Mais rien ne préparait l’organisme public à la révolution Internet. Si les entreprises pouvaient créer leurs propres fichiers nominatifs en interne, Internet apportait la possibilité de partager ces fichiers et de les croiser. L’ennemi venait de trouver une brèche. D’un autre côté, il ne fallait pas tuer ce nouvel espace pour les entreprises françaises. On nous expliquait donc à l’époque que chaque base de donnée accessible depuis le web devait être déclarée.

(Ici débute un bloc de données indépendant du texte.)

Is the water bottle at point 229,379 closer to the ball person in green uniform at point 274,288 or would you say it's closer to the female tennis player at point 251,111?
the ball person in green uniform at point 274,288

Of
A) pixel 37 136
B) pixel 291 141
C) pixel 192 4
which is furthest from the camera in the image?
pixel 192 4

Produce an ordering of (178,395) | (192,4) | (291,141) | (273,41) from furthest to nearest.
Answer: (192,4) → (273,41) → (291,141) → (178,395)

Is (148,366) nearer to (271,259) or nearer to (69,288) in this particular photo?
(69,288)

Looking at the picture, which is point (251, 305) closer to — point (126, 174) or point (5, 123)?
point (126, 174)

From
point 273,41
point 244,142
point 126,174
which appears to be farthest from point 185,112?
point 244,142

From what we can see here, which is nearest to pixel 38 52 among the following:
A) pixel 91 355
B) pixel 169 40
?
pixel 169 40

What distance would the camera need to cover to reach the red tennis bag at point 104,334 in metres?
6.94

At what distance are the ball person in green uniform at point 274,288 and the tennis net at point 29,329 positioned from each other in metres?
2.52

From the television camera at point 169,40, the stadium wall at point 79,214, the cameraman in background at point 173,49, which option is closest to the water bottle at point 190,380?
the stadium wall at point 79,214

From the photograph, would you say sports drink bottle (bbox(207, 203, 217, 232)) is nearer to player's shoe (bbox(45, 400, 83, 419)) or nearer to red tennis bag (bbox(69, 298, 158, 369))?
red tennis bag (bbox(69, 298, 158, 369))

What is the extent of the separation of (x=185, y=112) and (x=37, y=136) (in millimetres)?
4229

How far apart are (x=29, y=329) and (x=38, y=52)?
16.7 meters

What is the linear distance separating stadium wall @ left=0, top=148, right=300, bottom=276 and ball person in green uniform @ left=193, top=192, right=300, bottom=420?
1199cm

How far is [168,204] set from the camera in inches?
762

La Cnil a donc voulu contrôler tous les sites Internet. Ou comment devenir ce que l’on cherche à combattre. Elle s’est retrouvée noyée sous les déclarations des sociétés et des particuliers respectueux de la loi. En réalité, ils ne représentaient qu’une faible partie de l’Internet français et la Cnil ne pouvait répondre sous les 6 mois, entraînant un accord tacite de la base. Il faudra attendre 2004 pour que l’obligation de déclaration soit allégée.

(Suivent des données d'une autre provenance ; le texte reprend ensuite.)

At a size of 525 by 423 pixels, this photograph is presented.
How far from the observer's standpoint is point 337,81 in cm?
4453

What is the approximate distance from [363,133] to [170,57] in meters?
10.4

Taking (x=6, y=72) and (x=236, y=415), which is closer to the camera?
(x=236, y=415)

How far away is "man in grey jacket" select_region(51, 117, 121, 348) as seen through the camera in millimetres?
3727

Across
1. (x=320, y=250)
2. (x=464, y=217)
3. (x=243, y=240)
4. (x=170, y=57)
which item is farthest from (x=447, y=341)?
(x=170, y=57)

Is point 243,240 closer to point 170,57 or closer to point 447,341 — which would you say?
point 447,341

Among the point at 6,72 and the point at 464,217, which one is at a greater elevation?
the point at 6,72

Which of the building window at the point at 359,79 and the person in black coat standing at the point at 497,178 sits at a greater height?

En réalité, l’aventure ne faisait que commencer. Internet ne connaît pas de frontières. Et ce qui est interdit en France ne l’est pas dans d’autres pays. Les sociétés puissantes du Web sont rarement basées en France. Donc incontrôlables par la Cnil. Que faire ? Interdire les internautes français d’accéder aux services étrangers ? Nous ne sommes pas en Corée du Nord.

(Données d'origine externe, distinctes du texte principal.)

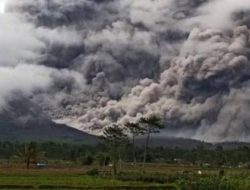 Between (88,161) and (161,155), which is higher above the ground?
(161,155)

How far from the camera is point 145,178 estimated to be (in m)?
85.9

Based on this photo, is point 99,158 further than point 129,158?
No

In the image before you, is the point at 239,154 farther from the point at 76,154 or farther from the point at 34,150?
the point at 34,150

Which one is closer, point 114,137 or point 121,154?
point 114,137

La seule solution est d’obtenir l’aide du gouvernement en place et de jouer collectif avec les autres pays. Cela a donné le RGPD (Règlement Général sur la Protection des Données) en 2016. J’ai déjà expliqué en quoi, sitôt appliqué, il a été contourné par les principaux sites : ‘Ne dites rien‘. Et puis, certains partenaires européens préfèrent les largesses des rois du Web aux critiques de quelques grattes papiers;
La Cnil aujourd’hui, c’est donc la bonne copine qui nous saoule en nous rappelant en permanence que le danger est partout sur Internet. Elle veut se donner une bonne image en prouvant qu’elle maîtrise le sujet, qu’elle est proactive, qu’elle nous protège. Mais en réalité, elle subit la situation. Ses annonces sur son site prouvent qu’elle a du mal à suivre.
Pourtant, elle fait ce qu’elle peut. Si vous êtes enregistré à tort sur un fichier, vous pouvez l’invoquer pour qu’elle oblige le propriétaire de ce dernier à corriger les informations ou à vous oublier. Mais ce mécanisme est aussi à l’avantage des voyous qui l’utilisent pour essayer de faire disparaître les informations compromettantes.
Pour ses 40 ans, la Cnil se disait à la page. Il va falloir un peu avancer dans le livre. On est en 2020, la Cnil a 42 ans et la réalité est plus amère. Certes le scénario d’Oceania n’est pas arrivé, mais sans réelle volonté politique, les moyens manquent pour empêcher la traque généralisée des internautes.
La vrai solution réside dans l’éducation. En expliquant ce qu’est réellement Internet et comment nous y sommes traqué, nous saurons nous adapter. Si la mission de contrôle est essentielle pour la Cnil, une mission pédagogique devrait être réalisée dès le primaire.